- Origin: Toronto, Ontario, Canada
- Genres: Americana, folk
- Instruments: Acoustic guitar, Electric guitar, Banjo, Keyboard, Bass, Percussion
- Years active: 2006–present
- Label: Outside Music
- Members: Caroline Brooks Kerri Ough Sue Passmore
- Website: goodlovelies.com

= The Good Lovelies =

Canadian musical group

Good Lovelies are a Canadian Roots/Americana harmony trio, consisting of Caroline Brooks, Kerri Ough and Sue Passmore. At their core they can be described as folk-roots, with tinges of pop and western swing.

==History==
The group's three members, Brooks from Whitby, Ough from Port Hope and Passmore from Cobourg, were all performing as solo artists in the Toronto area when they came together to do a show at Toronto's Gladstone Hotel on December 15, 2006.

Forming an instant bond, the three continued working together, releasing their debut EP, Oh My, in 2007, in time for their debut on the folk festival scene at the Ottawa Folk Festival that summer. They released their first full-length album, Good Lovelies, in 2009, and followed up with the Christmas-themed album Under the Mistletoe later the same year. The latter would support the beginning of a long tradition of Christmas tours that continues to present.

Their album Good Lovelies won the Juno Award for Roots & Traditional Album of the Year – Group at the 2010 Juno Awards.

Good Lovelies performed at the Australian National Folk Festival in 2011 during their first overseas tour, playing songs from their 2011 album Let the Rain Fall; they also performed in Newcastle upon Tyne, England, playing at the Evolution Festival, UK, and other venues around the North East.

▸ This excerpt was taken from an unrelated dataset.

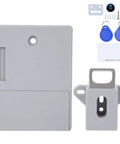 Hassle Free 125 Khz Smart Cabinet Lock With Electronic Rfid Card Access For Warehouse Sauna Library Office Locker No Drill Gray components including lock, key fobs, and accessories.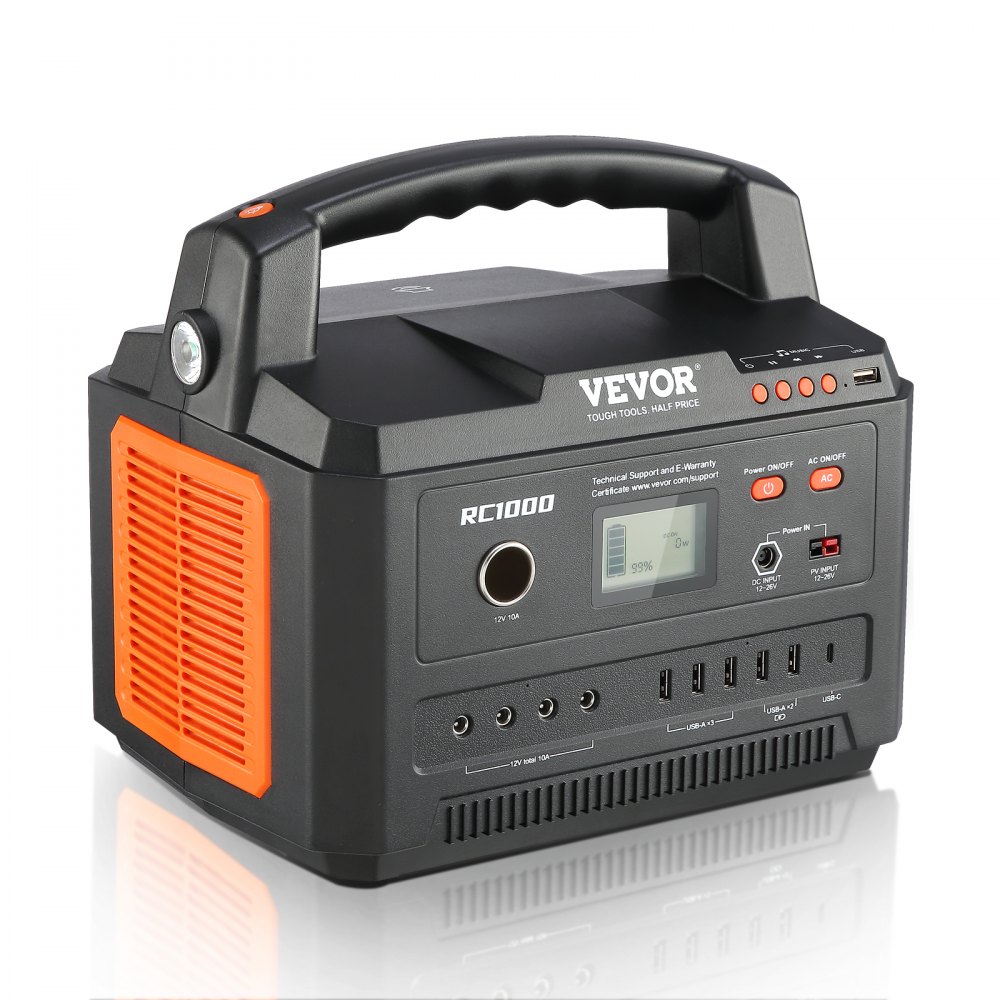VEVOR Portable Power Station Solar Generator 999Wh 1000W with 12 Charging Ports - DXCNDY1000W9GV6BGV1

In 2012, the band recorded a live concert at Revolution Recording in Toronto, including a performance of their beloved version of Leonard Cohen's Hallelujah. The recording was released as a 16-track CD called, Live At Revolution, which even includes three of their most told stage stories at the time.

2013 saw the Good Lovelies deviate from their regular Christmas tour plans in order to join Stuart McLean on the annual Vinyl Cafe Christmas tour. In 2015, the group release the 5-song EP Winter's Calling, which features a rendition of Winter Song requested by McLean for the Vinyl Cafe tour, as well as their cover of Gordon Lightfoot's, Song For A Winter's Night, performed as a waltz.

In February 2018, Good Lovelies released Shapeshifters, which featured a shift from their usual folk to a more pop music sound. They recorded a track on Fred Penner's Juno Award-winning album, Hear the Music. Later that year they performed at Massey Hall in Toronto, were nominated for a Canadian Folk Music Award, received a SOCAN #1 Award for their song I See Gold.

We Will Never Be The Same was released in 2023. Produced by Joshua Van Tassel and Christine Bougie, the album received a nomination for Contemporary Roots Album at the 2024 Juno Awards, and was awarded Producer of the Year and Vocal Group of the year at the 2025 Canadian Folk Music Awards.

In April 2024, Armenian-Canadian children's musician and author, Raffi released a collaborative album with Good Lovelies, titled Penny Penguin, which was awarded the Juno for Children's Album of the Year in March 2025.

== Discography ==
- Oh My! (EP, 2007)
- Good Lovelies (2009)
- Under the Mistletoe (2009)
- Let the Rain Fall (2011)
- Live At Revolution (2012)
- Burn the Plan (2015)
- Winter's Calling (EP, 2015)
- Shapeshifters (2018)
- Evergreen (2019)
- B-Sides (2021)
- We Will Never Be The Same (2023)
- Penny Penguin (with Raffi) (2024)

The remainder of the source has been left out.